Von Nichts komme Nichts
Im Gespräch mit dem serbischen Staatssender RTS äußerte die Präsidentin des serbischen Zentrums für Außenpolitik Suzana Grubješić Verständnis für den Unmut der Staatsmänner. Die Region habe beim Treffen in Brüssel nichts bekommen. Zuvor sei ihr allerdings auch nichts angeboten worden, lautet die Einschätzung der Expertin. "Ich hoffe, dass dies das letzte Mal ist, dass so etwas passiert, und dass wir am Ende des Jahres diese so oft erwähnte Beschleunigung des Beitrittsprozesses erwarten können, sowohl für einzelne Länder als auch für die Region als Ganzes. Das wäre nach all den Jahren das einzig Faire", erklärte Grubješić. Einen positiven Aspekt sah sie in Brüssel dennoch, nämlich einen starken, gemeinsamen Auftritt der Staatschefs Serbiens, Nordmazedoniens und Albaniens.
Das sei nicht immer so gewesen, dass man gemeinsam und lautstark für eine Sache kämpfe. "Noch besser wäre es, wenn die ganze Region mit einer Stimme spräche, ein solches Vorgehen hätte mehr Wirkung", ist sich Grubješić sicher.
"Die Westeuropäer wollen den Balkan nicht in der EU haben"

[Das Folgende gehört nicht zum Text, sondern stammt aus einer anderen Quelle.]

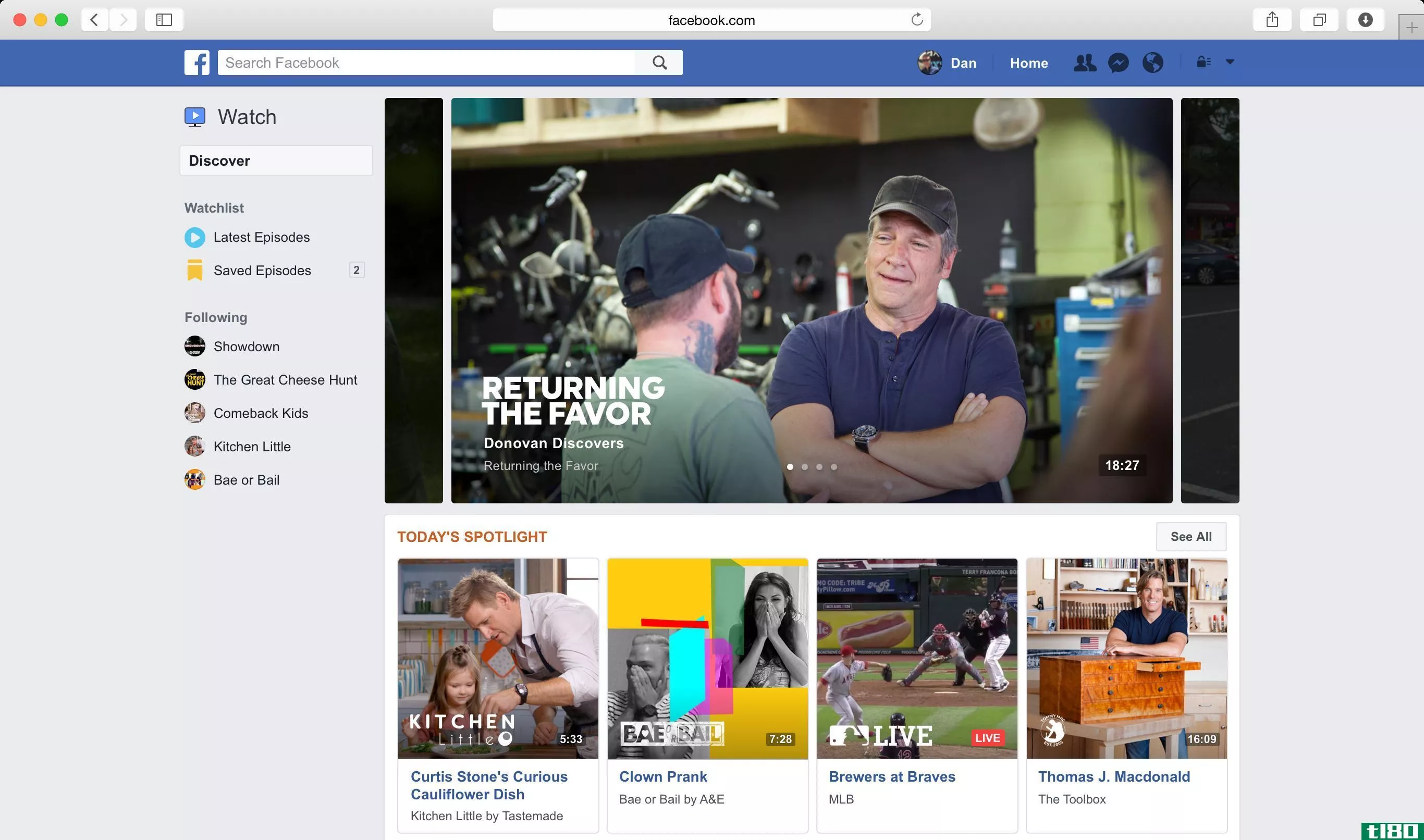 facebook推出了watch，这是它为视频节目重新设计的标签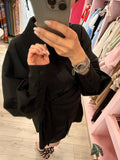 CAMICIA A MANICA LUNGA NERA - KOSTUM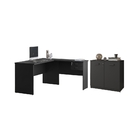 Conjunto Mesa E Balcão Jasmine Preto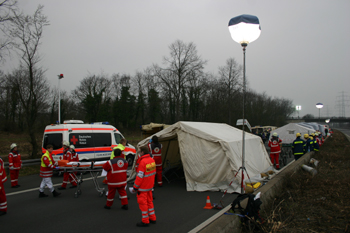 Unfallübung Autobahn A57 92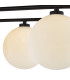 Luana 8 Light Semi-Flush Matt Black and Opal Glass-8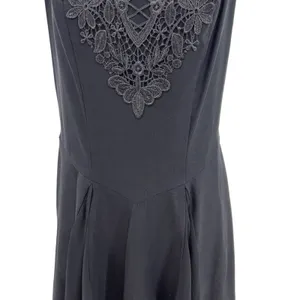 Dolls Kill Widow Darkest Desires Lace Mini Dress Corset‎ Lace-Up Black Size XL thumbnail 4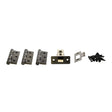 Quality image of Atlantic Latch Pack [CE] 3" (Latch x1) + 3"x2" (Hinge x3) - Urban Dark Bronze | Sku. alp332udb | available from Trade Door Handles.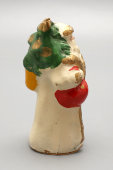 Новогодняя, елочная игрушка «Дед Мороз», папье-маше, СССР, сер. 20 в.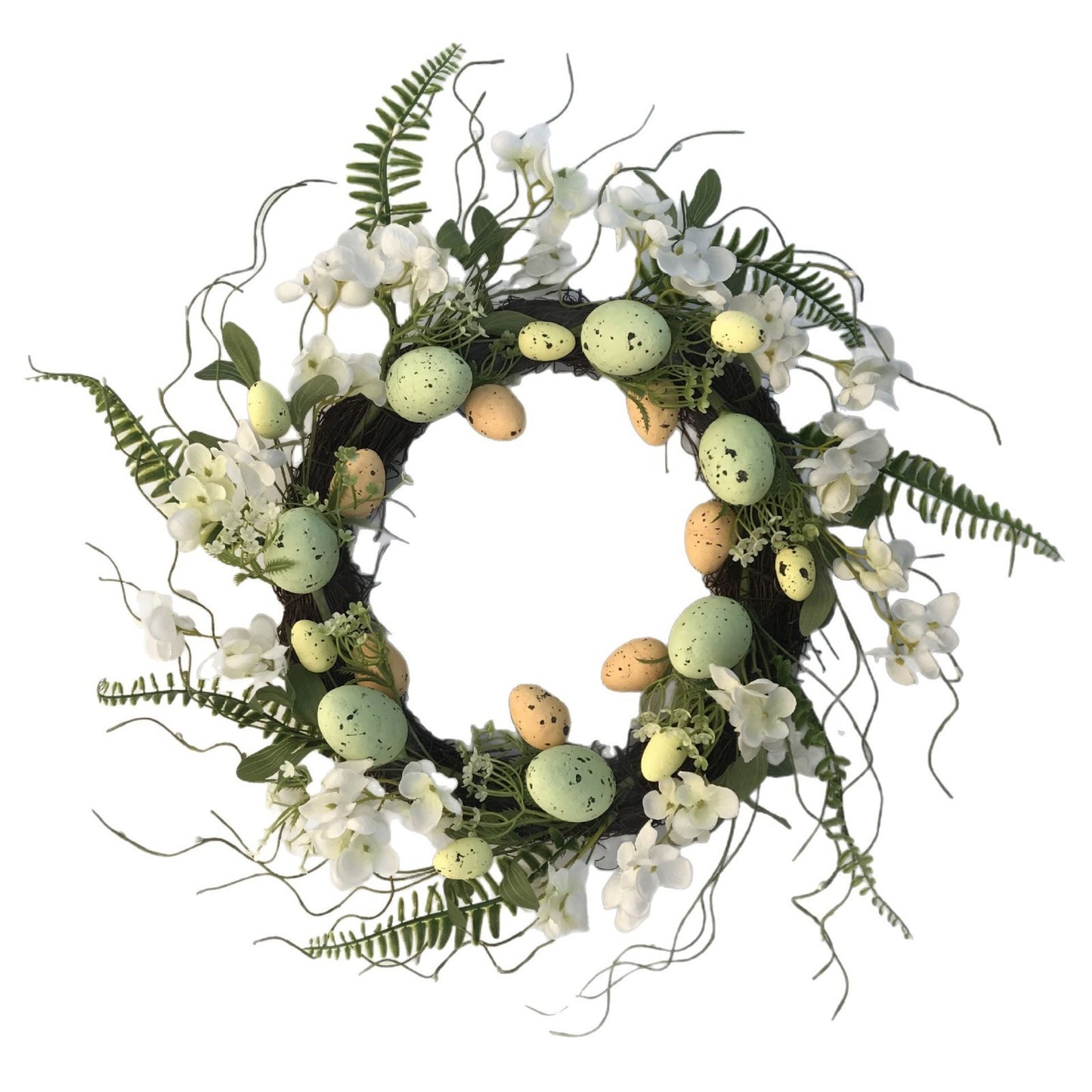 Easter Wreath - Egg and Floral Design for Festive Door Decoration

Keinen Zweifel daran, was die EU tatsächlich vom Westbalkan will, haben die Balkan-Medien. "Die Westeuropäer wollen den Balkan nicht in der EU haben", titelt das serbische Portal Blic.rs und bezieht sich dabei auf Timothy Less, einen Cambridge-Professor, den man eigens zu diesem Anlass interviewt hat. In den Titel packte das Portal auch einen weiteren Sager des Professors: "Sie (Westeuropäer, Anm.) wollen eine Gemeinschaft reicher Länder, die dieselben Werte teilen und keine Armen und Problemkinder". Die EU-Erweiterung sei laut ihm schon immer eine politische Frage gewesen und wird es auch bleiben.
Die bosnische Zeitung Nezavisne novine hat derweil bereits Sündenböcke für die ablehnende Haltung der EU gegenüber einer Beitrittskandidatur Bosnien-Herzegowinas ausfindig gemacht. "Gegen Bosniens Kandidatur waren Deutschland, die Niedelande und Frankreich: Die stärksten EU-Länder schlossen die Schranken", titelt das Blatt. Als Gründe dafür wird unter anderem auch die Uneinigkeit bosnischer Spitzenpolitiker in etlichen Angelegenheiten genannt.